Mike McCall Jr. (born June 16, 1991) is an American professional basketball player who currently plays for Deportivo Quevedo of the Liga Ecuatoriana de Baloncesto (LEB). He played college basketball for Saint Louis University (SLU) where he helped the Billikens win the Atlantic 10 Conference regular season title twice, the conference tournament, advanced to the NCAA Tournament three straight times, and set the school record for wins in a career at SLU.

==College career==
===Freshman year===
During his freshman campaign as a Billikens, McCall averaged 10.4 PPG, 2.1 RPG, and 3 APG while shooting 42.8% from the field and 36.6% from three-point range. He led the Billikens in scoring, the first freshman to do this since Larry Hughes.

===Sophomore year===
As a sophomore, McCall averaged 7.0 PPG, 1.8 RPG, and 2.2 APG while shooting 42.3% from the field and 34.8% from three-point range.
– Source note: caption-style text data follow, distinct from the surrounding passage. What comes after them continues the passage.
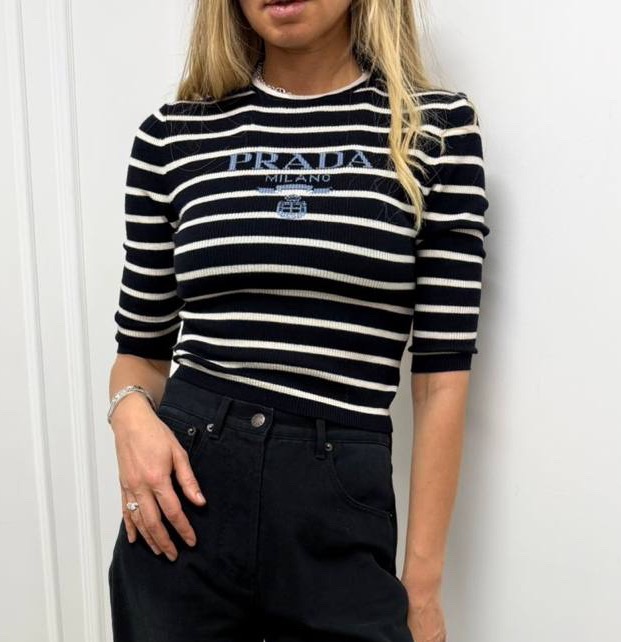 КОФТА PRADA фото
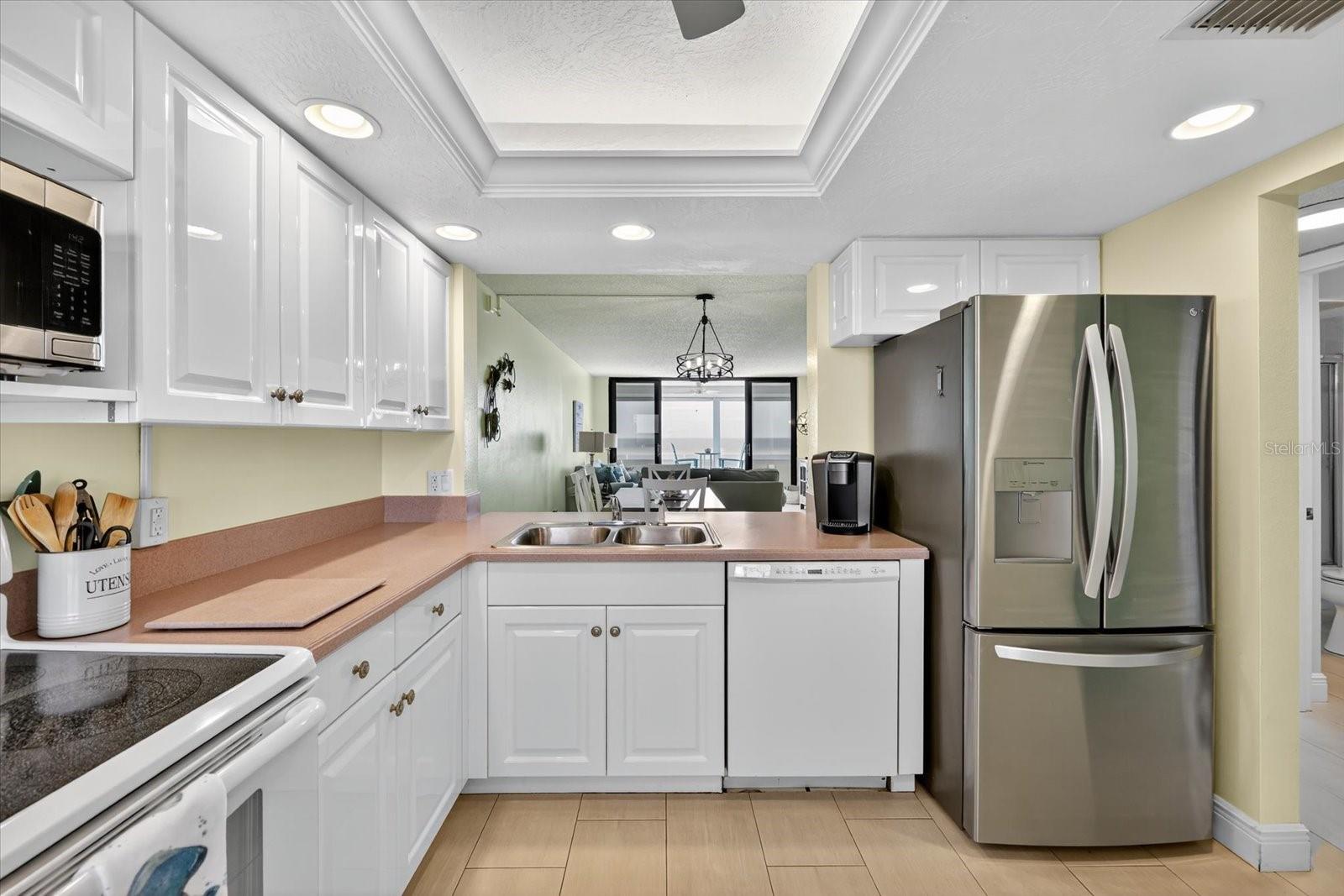 Image 7 of 43 For 17900 Gulf Boulevard 11c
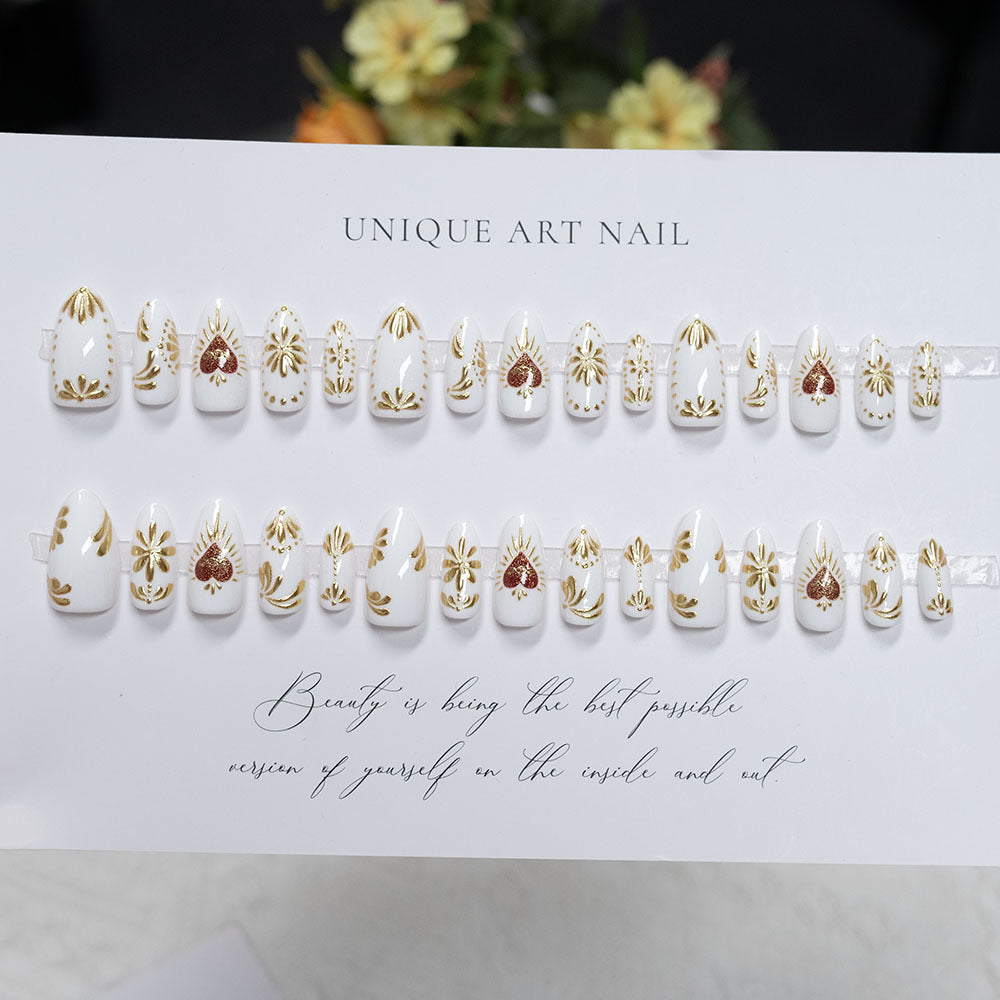 Herz-verzierte Press-On-Nagelset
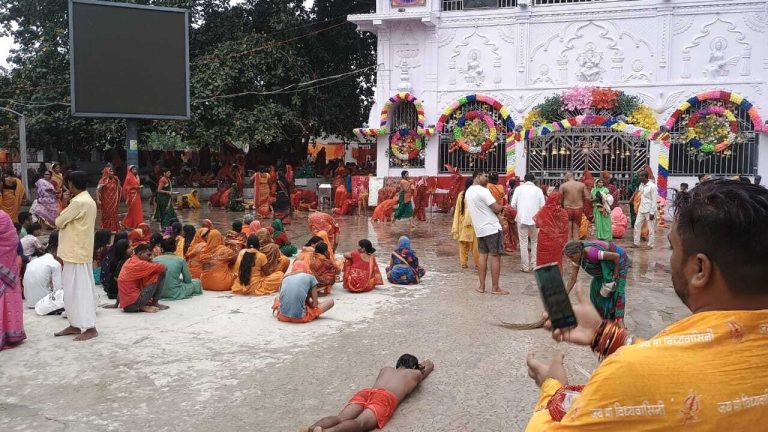 Jamui News : मां नेतुला मंदिर में उमड़ी श्रद्धालुओं की भीड़, नवरात्र के नौ दिनों तक निराहार रह कर कष्टी देते है हजारों श्रद्धालु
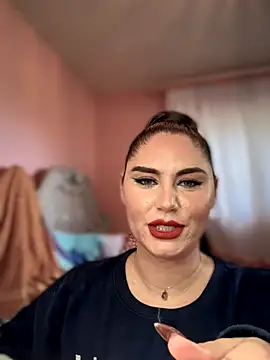 lovely beast online show from November 2025 06:08:01 PM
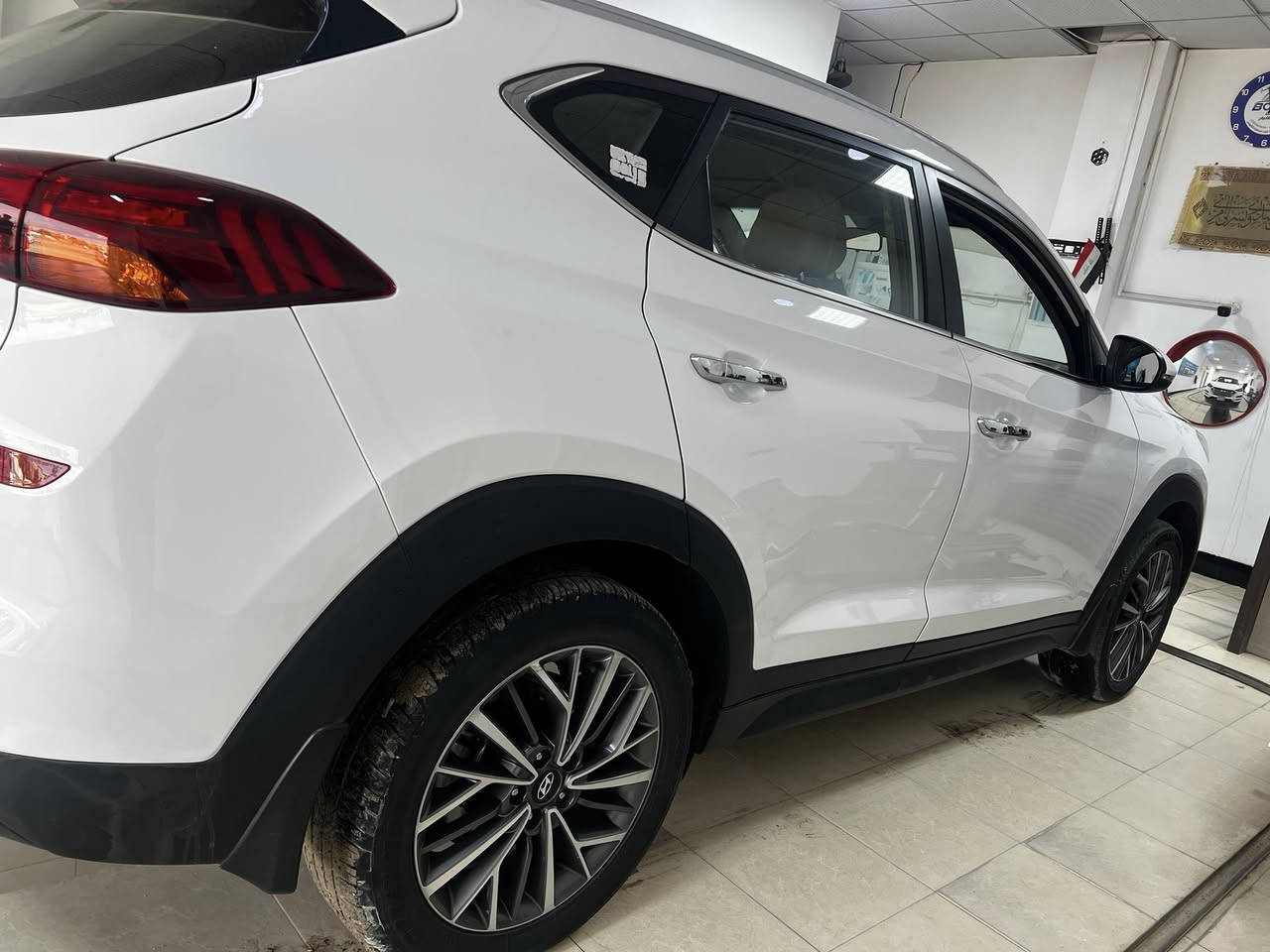 السلام عليكم توسان ٢٠٢٠  شركة الكاصد خليجي محرك ٢٠٠٠ للبيع  السعر ١٨٠ورقة وبيها مجال *********** رقم بغداد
He saw a drop in playing time with the return of Kwamain Mitchell after his year-long suspension for the previous season. The Billikens advanced to the 2012 NCAA Tournament where they defeated the Memphis Tigers in the first round. McCall recorded 2 points, 4 rebounds and 4 assists in the win. In the second round, the Billikens almost upset No. 1 seeded Michigan State but lost in the dying minutes. McCall had 6 points, 4 rebounds and 2 assists in the loss.

===Junior year===
As a junior, McCall became an every game starter and averaged 9.3 points, 2.5 rebounds, 2.7 assists while shooting 40.5% from the field and 40.2% from three-point range. McCall started every game for the Billikens who won the Atlantic 10 Conference Regular Season Title and Tournament while earning a No. 4 seed in the NCAA Tournament. In the two NCAA Tournament Games, McCall had 4 points and 2 rebounds vs. New Mexico State, and had 3 rebounds and 3 assists against Oregon.

===Senior year===
As a senior, McCall came into the season 122 points away from 1,000 career points and eventually earned his 1,000th point midway through the season. He averaged 9.8 points, 3.8 rebounds, and 2.4 assists while starting every game for the Billikens. The Billikens won the conference regular season crown again and advanced to the NCAA Tournament as a No. 5 seed. The Billikens rallied from down 17 in the second half to defeat the NC State Wolfpack in overtime. McCall had 12 points, 6 rebounds, and 6 assists, his best NCAA Tournament game. However, the Billikens lost to No. 4 seeded Louisville Cardinals. McCall had 4 points, 1 rebound, and 2 assists in his final college basketball game.

==Professional career==
On November 1, 2014, McCall was selected by the Iowa Energy in the third round of the 2014 NBA Development League Draft. However, he played sparingly, managing to average just 2.9 points and 1.2 assists in 29 games.

On September 1, 2015, McCall signed with Deportivo Quevedo of the Liga Ecuatoriana de Baloncesto.